Although blustering is a common propaganda trope for North Korea, its increasingly public boasting comes amid growing as concerns among the governments in the region that North Korea was moving closer to building workable long-range nuclear missiles. If unchecked, U.S. officials feared, the North’s drive would embolden Iran to pursue its own nuclear ambitions despite stiff sanctions.
“It’s important for the world to have credibility with respect to our nonproliferation efforts,” Secretary of State John Kerry said Wednesday in urging the world to make a “swift, clear, strong and credible response” to the North’s third nuclear test. “What our response is with respect to this will have an impact on all other nonproliferation efforts.”
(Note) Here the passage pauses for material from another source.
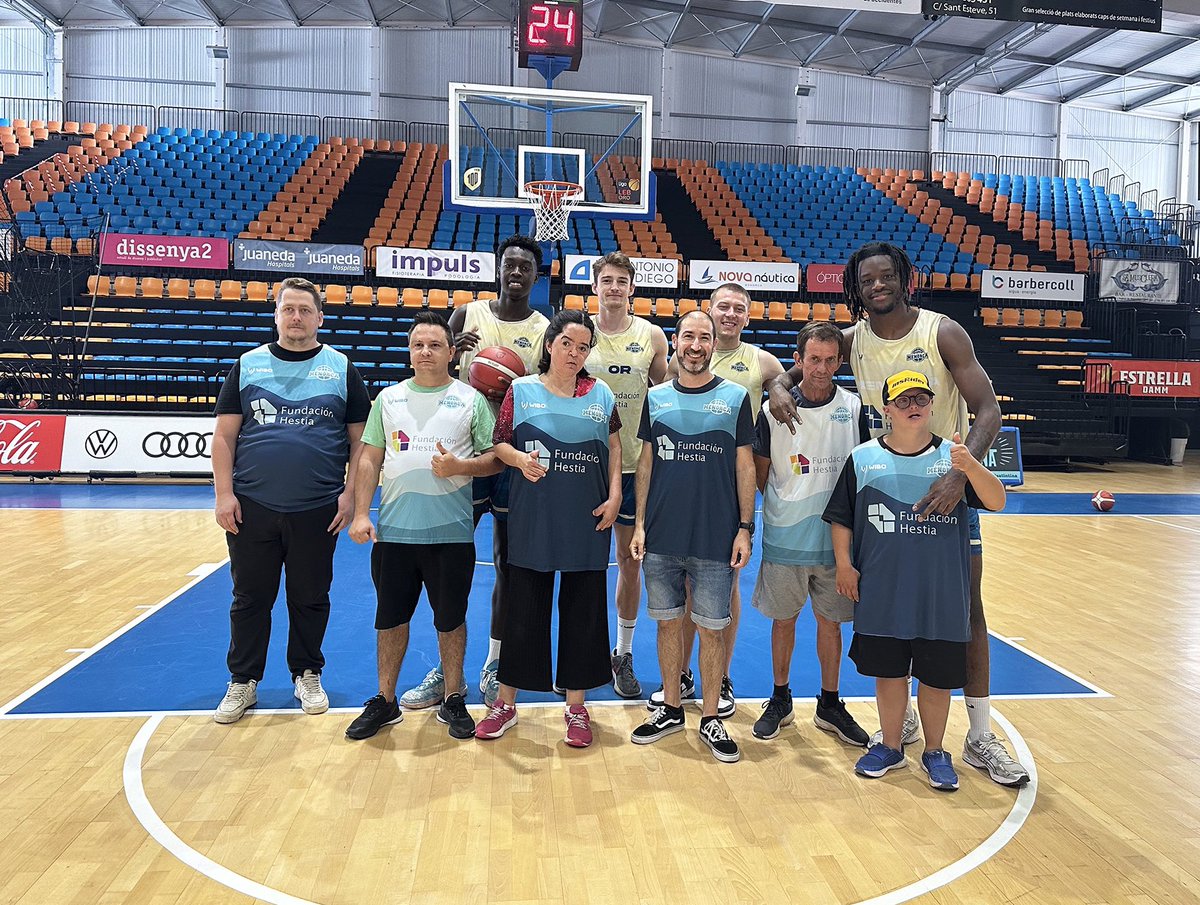 asmen_ibsalut's tweet photo. Avui hem celebrat el #DiaMundialDeLaSalutMental al Pavelló Menorca 🏀
Jugadors de l'Hestia Menorca i persones usuàries de dispositius de salut mental han fet una trobada de 3️⃣❌3️⃣ amb l’objectiu de lluitar contra l’estigma i els prejudicis associats als trastorns mentals https://t.co/ofMjhtJ9fw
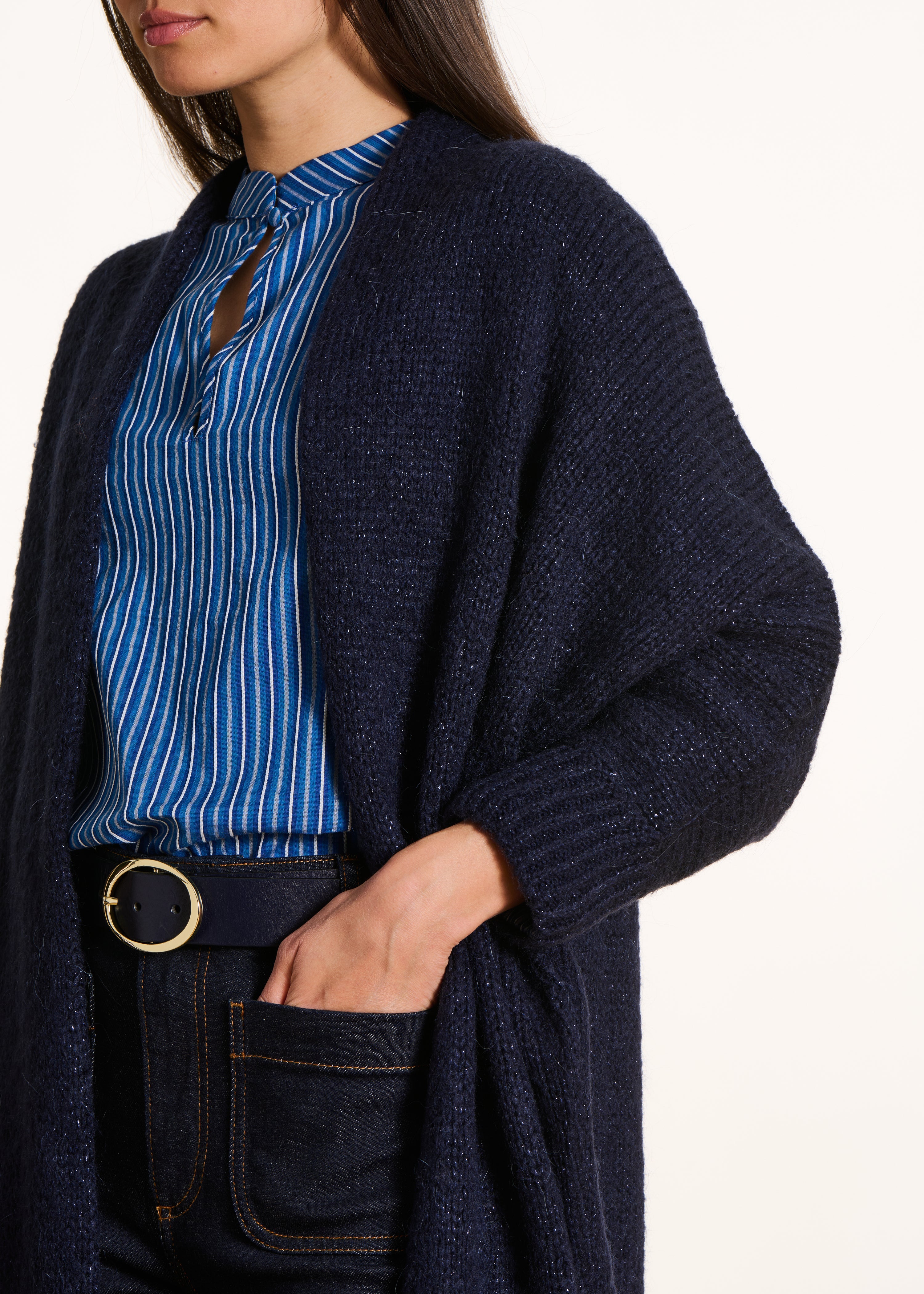 Gilet mi-long bleu marine oversize en maille irisée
South Korea’s reaction has been swift. On Thursday, its political parties put aside their bickering over domestic politics and passed nearly unanimously a parliamentary resolution condemning the North’s nuclear test. Its navy deployed destroyers and submarines off its eastern coast to test their combat readiness.
South Korea started a similar naval drill off the western coast Wednesday and planned Friday to begin live-fire drills involving rockets and artillery near the land border with North Korea. The U.S. military, which keeps 28,500 troops in South Korea, was staging an air drill mobilizing jet fighters of the two allies.
Also Thursday, the South’s Defense Ministry offered a rare glimpse of its military capabilities by releasing a 50-second video clip that showed two cruise missiles blasting targets after they were launched by a South Korean submarine and destroyer. It was the first time the South Korean military had publicly disclosed the recently deployed missiles.